Available data Start Marker
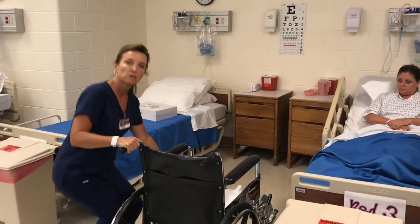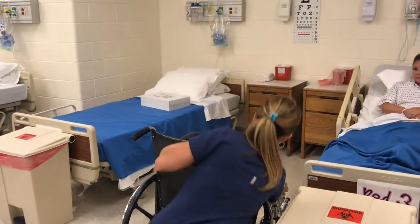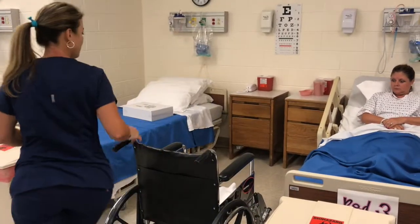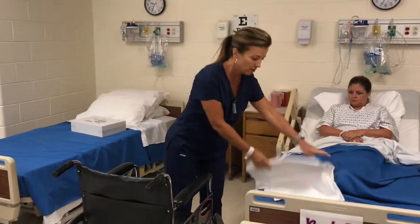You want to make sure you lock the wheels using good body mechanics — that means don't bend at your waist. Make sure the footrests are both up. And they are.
Available data End Marker
Available data Start Marker
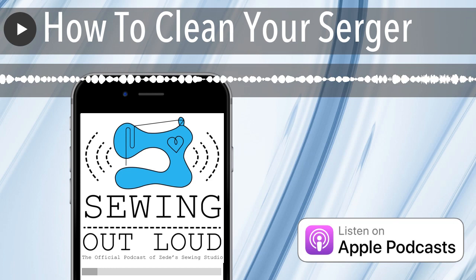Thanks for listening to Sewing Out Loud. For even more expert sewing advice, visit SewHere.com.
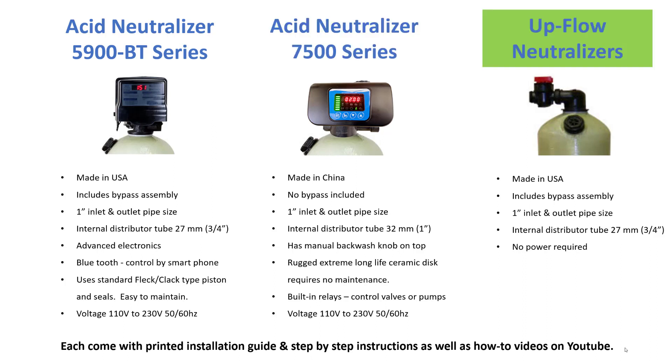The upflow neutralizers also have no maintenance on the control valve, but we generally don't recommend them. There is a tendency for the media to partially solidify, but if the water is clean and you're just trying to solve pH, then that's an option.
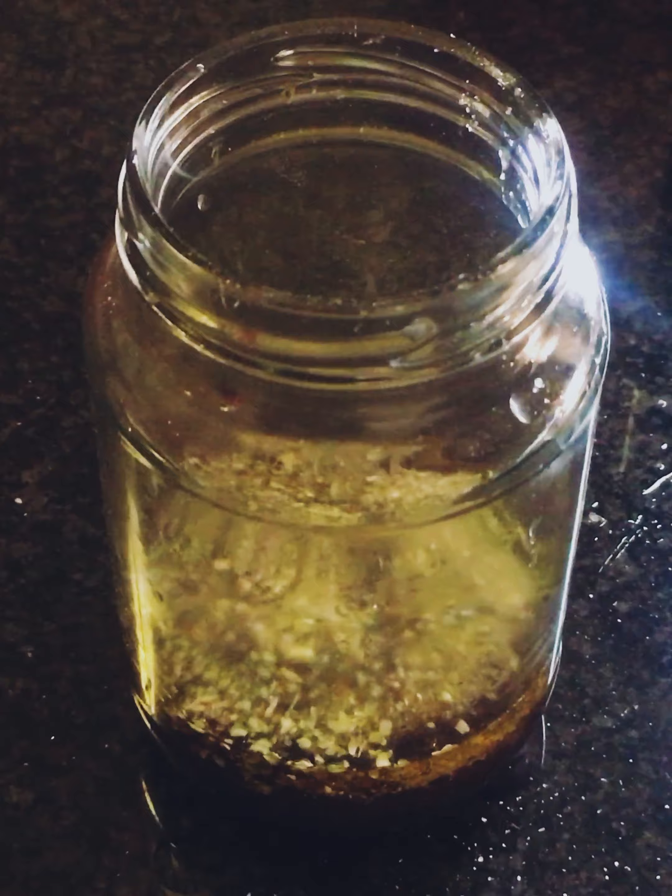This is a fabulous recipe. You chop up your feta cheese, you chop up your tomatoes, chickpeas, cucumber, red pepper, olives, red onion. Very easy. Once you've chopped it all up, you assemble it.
Available data End Marker
Available data Start Marker
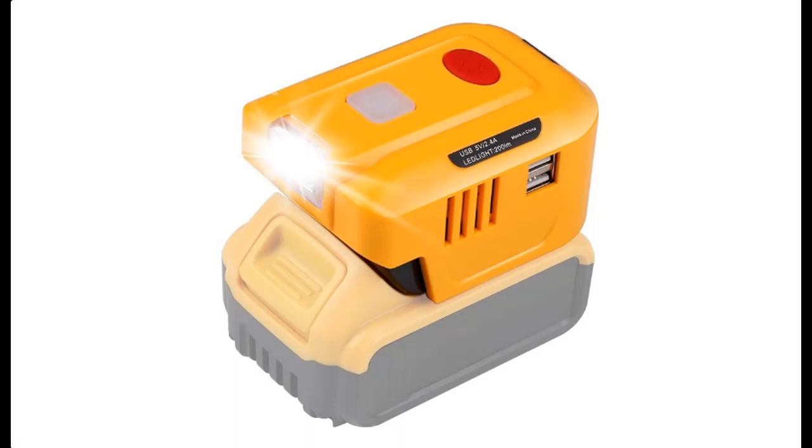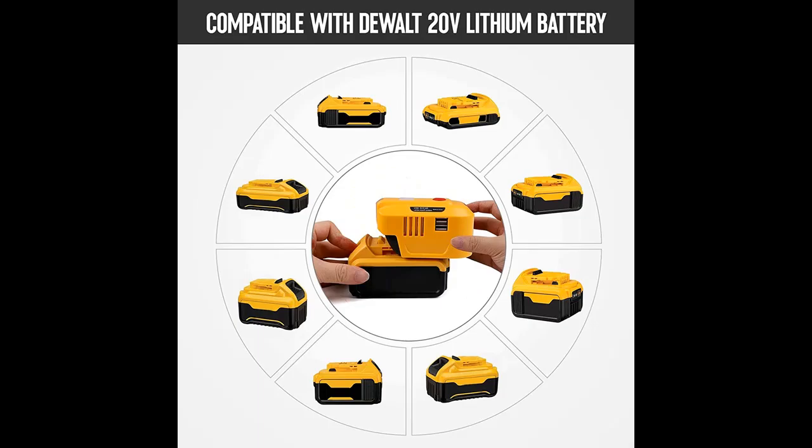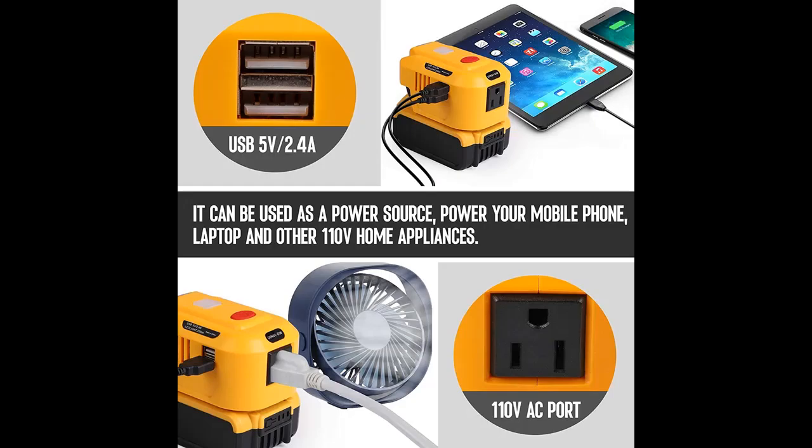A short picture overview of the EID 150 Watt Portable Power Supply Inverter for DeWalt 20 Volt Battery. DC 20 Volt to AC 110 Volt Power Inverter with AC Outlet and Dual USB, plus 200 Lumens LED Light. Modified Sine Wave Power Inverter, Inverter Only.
Available data End Marker
=== Action item ===
Out of the records above, return only the lines from the one with "The upflow neutralizers" through the one with "This is a fabulous", exactly, and none of the pictures.

=== Written solution ===
The upflow neutralizers also have no maintenance on the control valve, but we generally don't recommend them. There is a tendency for the media to partially solidify, but if the water is clean and you're just trying to solve pH, then that's an option.
This is a fabulous recipe. You chop up your feta cheese, you chop up your tomatoes, chickpeas, cucumber, red pepper, olives, red onion. Very easy. Once you've chopped it all up, you assemble it.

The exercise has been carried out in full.